##### RECORDS FOR THIS TASK #####

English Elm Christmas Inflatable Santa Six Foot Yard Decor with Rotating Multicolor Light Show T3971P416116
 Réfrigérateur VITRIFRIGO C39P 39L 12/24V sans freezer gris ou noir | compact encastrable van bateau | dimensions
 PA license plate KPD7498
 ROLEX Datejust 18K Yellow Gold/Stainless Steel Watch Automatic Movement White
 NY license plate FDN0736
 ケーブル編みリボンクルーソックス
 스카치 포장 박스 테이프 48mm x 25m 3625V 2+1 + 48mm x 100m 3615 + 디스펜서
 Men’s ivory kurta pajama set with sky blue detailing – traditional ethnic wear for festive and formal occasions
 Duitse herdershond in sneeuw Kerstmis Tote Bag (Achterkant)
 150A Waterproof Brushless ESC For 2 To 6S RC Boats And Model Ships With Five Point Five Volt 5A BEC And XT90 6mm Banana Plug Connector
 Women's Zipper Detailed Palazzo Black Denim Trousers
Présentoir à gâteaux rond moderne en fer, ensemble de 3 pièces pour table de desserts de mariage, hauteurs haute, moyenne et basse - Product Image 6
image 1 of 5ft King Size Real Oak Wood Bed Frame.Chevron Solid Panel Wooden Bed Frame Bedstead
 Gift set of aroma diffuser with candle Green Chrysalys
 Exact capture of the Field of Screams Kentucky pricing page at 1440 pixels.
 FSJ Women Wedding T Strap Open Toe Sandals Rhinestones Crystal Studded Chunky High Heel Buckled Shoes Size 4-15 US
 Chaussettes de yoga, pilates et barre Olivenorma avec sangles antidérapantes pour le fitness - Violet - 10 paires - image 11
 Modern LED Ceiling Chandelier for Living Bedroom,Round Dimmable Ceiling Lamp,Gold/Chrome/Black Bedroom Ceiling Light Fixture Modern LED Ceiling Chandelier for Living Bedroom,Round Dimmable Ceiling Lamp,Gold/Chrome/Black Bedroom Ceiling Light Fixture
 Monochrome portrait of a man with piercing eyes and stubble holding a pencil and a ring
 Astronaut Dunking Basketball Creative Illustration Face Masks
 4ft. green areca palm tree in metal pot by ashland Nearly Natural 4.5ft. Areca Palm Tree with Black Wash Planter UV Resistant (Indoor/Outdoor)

#####

Set the entries down again exactly, beginning with their first line and ending with the line that contains "PA license plate KPD7498"; omit all other lines.

◆ **EXERCISE RESPONSE**:
English Elm Christmas Inflatable Santa Six Foot Yard Decor with Rotating Multicolor Light Show T3971P416116
 Réfrigérateur VITRIFRIGO C39P 39L 12/24V sans freezer gris ou noir | compact encastrable van bateau | dimensions
 PA license plate KPD7498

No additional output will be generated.